Having to look at all the attributes and do any kind of string processing *when we need to generate a variant* is not a problem, I'm more interested in doing as little work as possible when there is no variant.
Maybe having an attribute on the function which is "hasVariants" and could be queried cheaply could be a solution. I'd have to look at how attributes works internally again.

(Ideally I'd like a storage key->value where the key would be "variants" and the value would be a list of variants to generate, instead of the flat list where variants strings are mixed with the others and recognized by "magic" pattern matching)

mmasten updated this revision to Diff 73523.Oct 4 2016, 11:53 AM
mmasten marked an inline comment as done.
sodeh added a subscriber: sodeh.Nov 16 2016, 1:46 AM
simoll added a subscriber: simoll.Jan 23 2017, 1:22 AM
hfinkel added inline comments.Jan 27 2017, 4:14 AM

There's a lot of target information here in the target-independent code. Given that we're not going to vectorize without a target code model regardless, I'd like to see this information pushing into TargetTransformInfo. VecClone can then use TTI to convert the particular ISA tags into information about vector lengths, etc. Other architectures that are adapting this scheme can then extend this in a natural way.

564 ↗(On Diff #65447)

I'd like to come back to this. I agree with Mehdi, having unadorned mangled names as attributes isn't the right design - the "magic" pattern matching is unnecessary. It would seem much better to use something like:

attributes #0 = { "vector-variants"="_ZGVbM4l_foo,_ZGVbN4l_foo,_ZGVcM8l_foo,_ZGVcN8l_foo,_ZGVdM8l_foo,_ZGVdN8l_foo,_ZGVeM16l_foo,_ZGVeN16l_foo"

instead of:

attributes #0 = { hasvectorvariants "_ZGVbM4l_foo" "_ZGVbN4l_foo" "_ZGVcM8l_foo" "_ZGVcN8l_foo" "_ZGVdM8l_foo" "_ZGVdN8l_foo" "_ZGVeM16l_foo" "_ZGVeN16l_foo"

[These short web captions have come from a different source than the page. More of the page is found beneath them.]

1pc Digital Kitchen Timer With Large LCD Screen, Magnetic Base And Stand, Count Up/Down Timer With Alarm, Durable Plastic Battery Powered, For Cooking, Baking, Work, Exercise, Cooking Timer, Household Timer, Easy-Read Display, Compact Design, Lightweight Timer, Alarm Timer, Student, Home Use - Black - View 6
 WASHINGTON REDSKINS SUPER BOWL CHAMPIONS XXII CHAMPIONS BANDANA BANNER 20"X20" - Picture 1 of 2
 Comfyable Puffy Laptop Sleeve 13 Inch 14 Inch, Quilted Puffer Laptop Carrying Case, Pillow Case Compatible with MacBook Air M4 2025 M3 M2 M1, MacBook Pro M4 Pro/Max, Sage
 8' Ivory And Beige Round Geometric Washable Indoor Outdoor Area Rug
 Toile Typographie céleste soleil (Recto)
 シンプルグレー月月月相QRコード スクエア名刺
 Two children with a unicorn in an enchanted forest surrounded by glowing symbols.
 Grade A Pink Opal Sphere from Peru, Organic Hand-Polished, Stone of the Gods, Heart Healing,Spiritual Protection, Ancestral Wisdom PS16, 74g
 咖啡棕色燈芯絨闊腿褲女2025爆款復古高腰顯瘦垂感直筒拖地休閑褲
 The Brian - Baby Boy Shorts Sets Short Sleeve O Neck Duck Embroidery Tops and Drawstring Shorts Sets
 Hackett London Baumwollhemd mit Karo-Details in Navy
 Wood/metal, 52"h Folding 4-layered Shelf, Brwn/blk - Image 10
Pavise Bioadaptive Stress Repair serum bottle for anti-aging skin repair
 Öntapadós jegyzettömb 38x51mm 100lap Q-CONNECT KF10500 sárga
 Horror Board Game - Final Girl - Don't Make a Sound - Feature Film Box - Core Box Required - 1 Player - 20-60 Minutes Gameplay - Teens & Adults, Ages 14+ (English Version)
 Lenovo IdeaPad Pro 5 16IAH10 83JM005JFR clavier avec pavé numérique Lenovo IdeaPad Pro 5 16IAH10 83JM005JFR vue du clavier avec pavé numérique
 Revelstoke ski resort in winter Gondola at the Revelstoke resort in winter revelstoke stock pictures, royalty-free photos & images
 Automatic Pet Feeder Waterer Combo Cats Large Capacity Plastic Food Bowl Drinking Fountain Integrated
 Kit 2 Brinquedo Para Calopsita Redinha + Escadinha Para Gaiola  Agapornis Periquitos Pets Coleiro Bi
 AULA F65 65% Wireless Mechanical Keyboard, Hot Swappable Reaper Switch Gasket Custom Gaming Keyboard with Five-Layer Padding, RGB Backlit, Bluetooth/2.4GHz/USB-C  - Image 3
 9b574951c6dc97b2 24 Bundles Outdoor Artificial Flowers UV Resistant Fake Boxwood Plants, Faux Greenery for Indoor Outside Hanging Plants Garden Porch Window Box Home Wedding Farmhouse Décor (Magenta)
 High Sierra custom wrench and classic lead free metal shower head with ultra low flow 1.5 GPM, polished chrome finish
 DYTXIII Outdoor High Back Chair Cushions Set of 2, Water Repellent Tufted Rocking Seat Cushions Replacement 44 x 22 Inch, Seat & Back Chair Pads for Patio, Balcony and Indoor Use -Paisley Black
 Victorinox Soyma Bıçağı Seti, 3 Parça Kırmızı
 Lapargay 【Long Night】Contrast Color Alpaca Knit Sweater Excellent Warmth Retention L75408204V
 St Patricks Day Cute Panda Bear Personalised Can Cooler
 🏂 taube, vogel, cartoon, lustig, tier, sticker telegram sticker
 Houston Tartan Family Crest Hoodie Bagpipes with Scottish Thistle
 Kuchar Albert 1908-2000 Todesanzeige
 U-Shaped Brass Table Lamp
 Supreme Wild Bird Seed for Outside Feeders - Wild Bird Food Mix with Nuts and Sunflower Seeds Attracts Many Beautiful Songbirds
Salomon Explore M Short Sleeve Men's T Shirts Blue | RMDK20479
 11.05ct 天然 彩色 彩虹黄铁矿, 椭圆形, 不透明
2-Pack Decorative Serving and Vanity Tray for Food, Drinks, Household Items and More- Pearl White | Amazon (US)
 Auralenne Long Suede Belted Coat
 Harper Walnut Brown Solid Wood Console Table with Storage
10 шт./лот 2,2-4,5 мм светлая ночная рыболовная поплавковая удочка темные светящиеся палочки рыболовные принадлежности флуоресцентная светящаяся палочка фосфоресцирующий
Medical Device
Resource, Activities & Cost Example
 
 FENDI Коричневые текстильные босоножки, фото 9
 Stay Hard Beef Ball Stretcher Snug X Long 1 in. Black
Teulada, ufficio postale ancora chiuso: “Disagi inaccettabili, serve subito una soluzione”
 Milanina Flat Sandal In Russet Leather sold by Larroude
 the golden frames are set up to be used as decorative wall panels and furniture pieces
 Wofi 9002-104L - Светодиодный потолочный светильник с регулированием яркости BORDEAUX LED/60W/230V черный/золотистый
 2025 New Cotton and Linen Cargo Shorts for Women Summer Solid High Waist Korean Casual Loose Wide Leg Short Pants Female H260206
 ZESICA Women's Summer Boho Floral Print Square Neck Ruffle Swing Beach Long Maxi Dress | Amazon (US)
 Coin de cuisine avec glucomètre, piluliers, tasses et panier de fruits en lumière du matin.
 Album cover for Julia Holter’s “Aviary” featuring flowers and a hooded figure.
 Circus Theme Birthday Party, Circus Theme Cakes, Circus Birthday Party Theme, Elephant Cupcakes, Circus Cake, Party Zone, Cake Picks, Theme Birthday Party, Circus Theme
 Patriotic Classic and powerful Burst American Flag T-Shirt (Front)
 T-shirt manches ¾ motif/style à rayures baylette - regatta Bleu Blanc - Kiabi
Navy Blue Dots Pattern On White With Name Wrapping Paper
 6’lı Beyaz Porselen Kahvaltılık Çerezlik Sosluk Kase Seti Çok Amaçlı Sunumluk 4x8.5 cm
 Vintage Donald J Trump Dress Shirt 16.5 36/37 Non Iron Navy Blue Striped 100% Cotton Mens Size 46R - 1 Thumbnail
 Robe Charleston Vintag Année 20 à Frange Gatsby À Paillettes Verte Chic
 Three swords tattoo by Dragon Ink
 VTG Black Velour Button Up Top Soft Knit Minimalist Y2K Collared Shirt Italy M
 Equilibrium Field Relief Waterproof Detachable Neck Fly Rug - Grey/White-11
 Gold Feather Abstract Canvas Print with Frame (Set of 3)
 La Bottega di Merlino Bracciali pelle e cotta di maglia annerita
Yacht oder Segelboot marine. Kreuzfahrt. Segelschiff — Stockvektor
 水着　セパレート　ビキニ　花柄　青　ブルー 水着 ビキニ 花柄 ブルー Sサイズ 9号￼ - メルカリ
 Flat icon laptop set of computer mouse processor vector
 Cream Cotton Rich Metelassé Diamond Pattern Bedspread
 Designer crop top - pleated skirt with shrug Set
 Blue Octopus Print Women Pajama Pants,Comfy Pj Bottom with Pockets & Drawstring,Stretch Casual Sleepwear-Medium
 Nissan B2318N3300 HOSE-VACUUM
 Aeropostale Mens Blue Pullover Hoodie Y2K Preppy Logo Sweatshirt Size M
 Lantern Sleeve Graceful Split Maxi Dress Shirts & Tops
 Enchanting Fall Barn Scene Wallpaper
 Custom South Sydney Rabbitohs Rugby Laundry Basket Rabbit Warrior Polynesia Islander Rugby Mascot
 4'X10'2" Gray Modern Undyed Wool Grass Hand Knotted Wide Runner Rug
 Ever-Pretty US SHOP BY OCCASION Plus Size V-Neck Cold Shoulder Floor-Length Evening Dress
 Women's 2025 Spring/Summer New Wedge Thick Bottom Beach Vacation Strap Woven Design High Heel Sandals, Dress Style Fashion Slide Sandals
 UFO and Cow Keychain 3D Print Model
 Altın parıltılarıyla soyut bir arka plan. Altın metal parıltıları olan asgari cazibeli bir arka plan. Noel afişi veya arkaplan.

exactly like we do for "target-features".

mmasten updated this revision to Diff 87567.Feb 7 2017, 4:58 PM

New changes are:

  1. Update function attributes to "vector-variants"="<variant list>" format.
  2. Move target-specific code in the VectorVariant class to TTI.

Thanks for the feedback, Hal. I made the changes you suggested.

fpetrogalli added inline comments.Sep 1 2017, 3:14 AM

Hello Matt, thank you for working on this.

<nitpicking>Should the comment be updated with the "vector-variants"="_ZGVbM4ul_, ZGVbN4ul_" syntax? </nitpicking>



Hello again,

I think it would be good to have references to the document that describes the vector ABI. Is it the one at [1]?

If so, I think it would be good to cover with tests the "linear clause" cases of Table 1 in section 2.4, "Element Data Type to Vector Data Type Mapping".



fpetrogalli added inline comments.Sep 1 2017, 3:46 AM

Section 2.6 "Vector Function Name Mangling" of [1] maps the IsaClass to other values, "x', 'y'. Are you basing this on [2] for gcc compatibility?
Why do [1] and [2] differ?



hfinkel added inline comments.Sep 1 2017, 4:04 PM

This function doesn't return anything, and I think that makes the example hard to understand.


I don't understand what's going on here. Is it not possible to write the transformation such that it's semantically correct regardless of whether we've run mem2reg? This is not always an either/or situation.

Also, does the fact that we now have the VPlan infrastructure in the vectorizer change, in any way, how we'd like to approach this problem?